Tragisch hingegen war der dänische Film „The Guilty“ (Der Schuldige), unter der Regie von Gustav Möller, der den TIFF-Publikumspreis 2018 gewann. Der Thriller spielt sich ausschließlich am Telefon ab. Als der Polizeioffizier Asger Holm (Jule Hermann) in den Innendienst versetzt wird, erwartet er eigentlich einen eher langweiligen Job in der Notrufzentrale. Doch das ändert sich, als er einen Anruf von einer entführten Frau erhält, der abrupt unterbrochen wird. Asger, der seine Dienststelle nicht verlassen darf, muss nun seine Kollegen auf Streife als seine Augen und Ohren benutzen. Die Suche nach der Frau und ihrem Entführer erfordert all seine Aufmerksamkeit und seine ganze Erfahrung als altgedienter Polizist.
Einer der Höhepunkte der diesjährigen Ausgabe des Transilvania Film Festivals Hermannstadt war die Ausstrahlung des Films „Una Mujer Fantástica“ (Eine fantastische Frau), unter der Regie von Sebastian Lelio, der 2018 den Oscar für den besten ausländischen Film gewonnen hat. Erzählt wird die Geschichte einer Transgender-Frau (dargestellt von Daniela Vega), die sich nach dem plötzlichen Tod ihres Lebensgefährten (Francisco Reyes) mit den Vorurteilen und der Wut seiner Familie sowie der Voreingenommenheit von Behörden konfrontiert sieht. Sie beginnt daraufhin, für ihr Recht auf Trauer zu kämpfen und findet zu ihrer ersten Liebe, der Musik zurück…

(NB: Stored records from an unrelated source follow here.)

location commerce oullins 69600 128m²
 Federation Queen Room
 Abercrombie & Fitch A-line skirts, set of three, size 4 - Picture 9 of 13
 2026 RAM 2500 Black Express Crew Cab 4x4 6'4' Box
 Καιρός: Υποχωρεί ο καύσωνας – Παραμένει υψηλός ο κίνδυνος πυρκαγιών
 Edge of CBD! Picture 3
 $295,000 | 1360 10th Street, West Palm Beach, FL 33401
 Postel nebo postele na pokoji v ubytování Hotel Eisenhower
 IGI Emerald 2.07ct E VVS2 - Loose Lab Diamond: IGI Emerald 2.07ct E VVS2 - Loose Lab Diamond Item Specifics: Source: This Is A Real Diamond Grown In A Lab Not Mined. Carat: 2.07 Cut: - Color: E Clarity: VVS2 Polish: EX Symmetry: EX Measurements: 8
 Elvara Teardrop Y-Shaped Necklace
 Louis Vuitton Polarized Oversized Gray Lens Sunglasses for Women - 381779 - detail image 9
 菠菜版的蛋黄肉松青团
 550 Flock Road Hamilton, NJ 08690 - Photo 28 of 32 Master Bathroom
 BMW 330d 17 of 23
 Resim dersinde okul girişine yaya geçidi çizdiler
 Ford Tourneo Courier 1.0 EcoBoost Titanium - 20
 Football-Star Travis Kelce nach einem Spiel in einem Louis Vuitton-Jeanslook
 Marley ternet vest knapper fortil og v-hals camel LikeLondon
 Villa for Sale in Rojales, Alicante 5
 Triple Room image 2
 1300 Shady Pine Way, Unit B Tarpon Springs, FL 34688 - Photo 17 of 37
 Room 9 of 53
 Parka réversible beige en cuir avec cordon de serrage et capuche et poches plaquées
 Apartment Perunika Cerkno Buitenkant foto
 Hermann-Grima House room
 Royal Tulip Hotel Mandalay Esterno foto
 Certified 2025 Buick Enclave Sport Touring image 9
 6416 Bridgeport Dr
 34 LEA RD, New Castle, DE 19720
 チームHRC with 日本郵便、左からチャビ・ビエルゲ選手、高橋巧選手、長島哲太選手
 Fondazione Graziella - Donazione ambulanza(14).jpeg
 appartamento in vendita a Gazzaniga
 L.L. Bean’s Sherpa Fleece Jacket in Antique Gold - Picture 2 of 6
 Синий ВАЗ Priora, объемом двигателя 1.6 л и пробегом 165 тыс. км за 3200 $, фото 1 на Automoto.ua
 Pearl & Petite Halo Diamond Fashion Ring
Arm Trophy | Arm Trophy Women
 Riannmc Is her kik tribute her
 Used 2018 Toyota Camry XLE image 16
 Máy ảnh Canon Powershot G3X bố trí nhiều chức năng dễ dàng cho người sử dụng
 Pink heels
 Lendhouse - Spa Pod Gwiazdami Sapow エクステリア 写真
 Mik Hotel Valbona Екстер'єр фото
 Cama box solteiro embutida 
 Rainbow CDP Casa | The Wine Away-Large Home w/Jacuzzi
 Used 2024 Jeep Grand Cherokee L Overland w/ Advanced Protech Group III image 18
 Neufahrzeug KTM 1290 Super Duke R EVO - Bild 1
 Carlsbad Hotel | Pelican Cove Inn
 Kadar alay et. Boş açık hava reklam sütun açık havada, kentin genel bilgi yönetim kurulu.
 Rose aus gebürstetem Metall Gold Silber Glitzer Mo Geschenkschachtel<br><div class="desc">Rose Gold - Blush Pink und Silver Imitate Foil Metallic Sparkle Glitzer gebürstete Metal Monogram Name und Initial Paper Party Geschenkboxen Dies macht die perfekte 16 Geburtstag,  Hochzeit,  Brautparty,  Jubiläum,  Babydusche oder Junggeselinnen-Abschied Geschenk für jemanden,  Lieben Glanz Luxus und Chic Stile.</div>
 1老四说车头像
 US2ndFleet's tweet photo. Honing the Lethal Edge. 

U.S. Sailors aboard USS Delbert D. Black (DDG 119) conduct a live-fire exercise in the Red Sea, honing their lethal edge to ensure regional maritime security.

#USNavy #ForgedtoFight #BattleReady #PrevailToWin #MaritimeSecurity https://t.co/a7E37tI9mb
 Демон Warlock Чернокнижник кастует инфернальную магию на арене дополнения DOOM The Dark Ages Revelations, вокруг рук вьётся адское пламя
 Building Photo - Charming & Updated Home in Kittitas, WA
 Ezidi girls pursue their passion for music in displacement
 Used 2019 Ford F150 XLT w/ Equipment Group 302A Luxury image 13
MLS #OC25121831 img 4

„Scurtcircuit“ (Kurzschluss) war ein ebenfalls sehenswerter Spielfilm, der den Fall des Brands an der Neugeborenen-Abteilung des Krankenhauses im Bukarester Stadtviertel Giulești 2010 unter die Lupe nimmt. Damals kamen sechs Frühchen ums Leben, weil die Klimaanlage im Brutkasten-Saal aufgrund einer unsachgemäßen elektrischen Installation Feuer gefangen hatte. Das Urteil im anschließenden Strafprozess bescherte der verantwortlichen Krankenschwester eine zweijährige Gefängnisstrafe, dem Abteilungsleiter und dem zuständigen Elektriker Bewährungsstrafen sowie der Klinik hohe Geldstrafen.
Der Regisseur Cătălin Saizescu verfolgt die Ereignisse Schritt für Schritt, vom Ausbruch des Brandes über die Rettungsversuche innerhalb der Klinik und über das Auftauchen der Feuerwehr bis hin zur Ankunft israelischer Ärzte, die damals ihren Sachverstand den Opfern der Brandkatastrophe von Giulești freiwillig zur Verfügung stellten. Parallel dazu wird die Liebesgeschichte zweier Teenager verfolgt, aus der eine ungewollte Schwangerschaft entsteht.
Der im Kino des rumänischen Bauernmuseums in Bukarest verbotene Film „Câteva conversații despre o fată foarte înaltă“ (Einige Gespräche über ein sehr hochgewachsenes Mädchen), unter der Regie von Bogdan Theodor Olteanu, wurde am letzten Festivaltag im Gong-Theater gezeigt. Der Film spricht über die Schwierigkeiten mit denen sich zwei Frauen konfrontieren, die eine offene Liebesbeziehung im heutigen Rumänien führen möchten.
Das diesjährige Transilvania International Film Festival endete mit dem Klassiker „Parașutiștii“ (Die Fallschirmspringer) aus dem Jahr 1974, unter der Regie von Dinu Cocea und mit Florin Piersic in der Hauptrolle. Nach der Projektion des Spielfilms auf dem Großen Ring wurde der beliebte Schauspieler Florin Piersic als Gast begrüßt, mit dem die begeisterten Zuschauer eine rege Konversation führten. TIFF war auch dieses Jahr ein voller Erfolg und die Klausenburger Organisatoren rühmen sich mit einem Zuschauerrekord in Hermannstadt.